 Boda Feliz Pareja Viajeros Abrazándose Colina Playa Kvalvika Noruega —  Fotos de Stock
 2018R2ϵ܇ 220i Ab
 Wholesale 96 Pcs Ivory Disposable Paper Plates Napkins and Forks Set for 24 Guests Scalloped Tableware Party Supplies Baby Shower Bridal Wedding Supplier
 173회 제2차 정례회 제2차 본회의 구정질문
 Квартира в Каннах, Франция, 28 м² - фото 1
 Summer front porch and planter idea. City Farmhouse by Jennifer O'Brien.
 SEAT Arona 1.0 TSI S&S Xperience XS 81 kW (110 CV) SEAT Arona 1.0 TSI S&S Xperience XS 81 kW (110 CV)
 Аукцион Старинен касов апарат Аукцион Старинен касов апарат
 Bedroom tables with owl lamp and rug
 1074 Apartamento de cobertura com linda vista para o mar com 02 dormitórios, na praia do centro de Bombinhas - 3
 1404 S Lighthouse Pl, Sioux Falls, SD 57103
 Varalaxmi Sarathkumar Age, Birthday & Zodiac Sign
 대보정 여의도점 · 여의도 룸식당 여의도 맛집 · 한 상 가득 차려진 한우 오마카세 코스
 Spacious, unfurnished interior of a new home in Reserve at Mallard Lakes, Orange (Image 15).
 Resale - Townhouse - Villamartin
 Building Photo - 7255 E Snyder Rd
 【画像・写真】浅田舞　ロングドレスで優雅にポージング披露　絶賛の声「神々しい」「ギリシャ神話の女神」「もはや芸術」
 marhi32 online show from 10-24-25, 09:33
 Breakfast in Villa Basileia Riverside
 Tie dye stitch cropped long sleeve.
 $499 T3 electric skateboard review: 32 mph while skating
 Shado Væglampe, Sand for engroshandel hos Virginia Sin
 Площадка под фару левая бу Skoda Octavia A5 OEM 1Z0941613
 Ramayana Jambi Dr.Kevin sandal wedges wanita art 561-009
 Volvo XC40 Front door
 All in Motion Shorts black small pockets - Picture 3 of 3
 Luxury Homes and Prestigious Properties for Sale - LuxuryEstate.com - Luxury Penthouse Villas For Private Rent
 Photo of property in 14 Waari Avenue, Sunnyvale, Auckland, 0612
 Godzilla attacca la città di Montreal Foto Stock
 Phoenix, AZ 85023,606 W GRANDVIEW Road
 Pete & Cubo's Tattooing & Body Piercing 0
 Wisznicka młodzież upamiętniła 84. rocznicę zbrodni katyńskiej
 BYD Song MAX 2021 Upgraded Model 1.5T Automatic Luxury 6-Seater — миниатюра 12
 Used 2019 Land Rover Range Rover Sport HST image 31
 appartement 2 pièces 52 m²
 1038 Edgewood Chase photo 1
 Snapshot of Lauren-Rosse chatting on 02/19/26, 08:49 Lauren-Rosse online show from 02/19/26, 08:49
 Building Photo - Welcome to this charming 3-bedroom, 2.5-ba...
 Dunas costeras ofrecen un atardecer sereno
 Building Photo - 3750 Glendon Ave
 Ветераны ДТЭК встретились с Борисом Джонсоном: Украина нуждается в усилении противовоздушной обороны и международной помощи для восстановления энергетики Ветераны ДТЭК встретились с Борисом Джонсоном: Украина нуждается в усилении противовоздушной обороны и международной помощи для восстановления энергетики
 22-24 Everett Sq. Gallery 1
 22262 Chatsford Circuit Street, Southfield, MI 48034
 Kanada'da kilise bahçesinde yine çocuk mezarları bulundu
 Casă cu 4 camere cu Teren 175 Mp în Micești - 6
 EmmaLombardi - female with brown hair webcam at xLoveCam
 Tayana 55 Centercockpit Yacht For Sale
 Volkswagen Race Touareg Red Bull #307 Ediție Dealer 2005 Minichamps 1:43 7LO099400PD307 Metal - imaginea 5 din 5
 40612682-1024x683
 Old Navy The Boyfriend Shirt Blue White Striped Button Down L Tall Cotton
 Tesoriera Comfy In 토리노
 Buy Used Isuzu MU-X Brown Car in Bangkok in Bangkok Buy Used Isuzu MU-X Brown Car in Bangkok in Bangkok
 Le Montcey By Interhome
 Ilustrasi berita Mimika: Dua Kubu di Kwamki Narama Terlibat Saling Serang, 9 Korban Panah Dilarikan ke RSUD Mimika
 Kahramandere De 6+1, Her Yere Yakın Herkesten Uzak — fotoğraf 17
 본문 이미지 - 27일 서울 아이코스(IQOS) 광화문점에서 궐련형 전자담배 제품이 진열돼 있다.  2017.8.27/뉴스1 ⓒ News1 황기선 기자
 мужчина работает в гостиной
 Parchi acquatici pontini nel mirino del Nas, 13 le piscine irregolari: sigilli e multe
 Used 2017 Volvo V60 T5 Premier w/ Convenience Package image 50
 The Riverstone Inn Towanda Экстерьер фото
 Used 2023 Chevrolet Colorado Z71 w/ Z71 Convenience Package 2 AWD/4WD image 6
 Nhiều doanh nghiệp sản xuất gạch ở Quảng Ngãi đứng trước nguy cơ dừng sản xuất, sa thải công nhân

☆ ☆ ☆ ☆

The problem >>
Give back exactly the lines above, from the line containing "Phoenix, AZ 85023,606 W GRANDVIEW Road" through the line containing "Tesoriera Comfy In 토리노", with both end lines and nothing more.

Result of the exercise >>
 Phoenix, AZ 85023,606 W GRANDVIEW Road
 Pete & Cubo's Tattooing & Body Piercing 0
 Wisznicka młodzież upamiętniła 84. rocznicę zbrodni katyńskiej
 BYD Song MAX 2021 Upgraded Model 1.5T Automatic Luxury 6-Seater — миниатюра 12
 Used 2019 Land Rover Range Rover Sport HST image 31
 appartement 2 pièces 52 m²
 1038 Edgewood Chase photo 1
 Snapshot of Lauren-Rosse chatting on 02/19/26, 08:49 Lauren-Rosse online show from 02/19/26, 08:49
 Building Photo - Welcome to this charming 3-bedroom, 2.5-ba...
 Dunas costeras ofrecen un atardecer sereno
 Building Photo - 3750 Glendon Ave
 Ветераны ДТЭК встретились с Борисом Джонсоном: Украина нуждается в усилении противовоздушной обороны и международной помощи для восстановления энергетики Ветераны ДТЭК встретились с Борисом Джонсоном: Украина нуждается в усилении противовоздушной обороны и международной помощи для восстановления энергетики
 22-24 Everett Sq. Gallery 1
 22262 Chatsford Circuit Street, Southfield, MI 48034
 Kanada'da kilise bahçesinde yine çocuk mezarları bulundu
 Casă cu 4 camere cu Teren 175 Mp în Micești - 6
 EmmaLombardi - female with brown hair webcam at xLoveCam
 Tayana 55 Centercockpit Yacht For Sale
 Volkswagen Race Touareg Red Bull #307 Ediție Dealer 2005 Minichamps 1:43 7LO099400PD307 Metal - imaginea 5 din 5
 40612682-1024x683
 Old Navy The Boyfriend Shirt Blue White Striped Button Down L Tall Cotton
 Tesoriera Comfy In 토리노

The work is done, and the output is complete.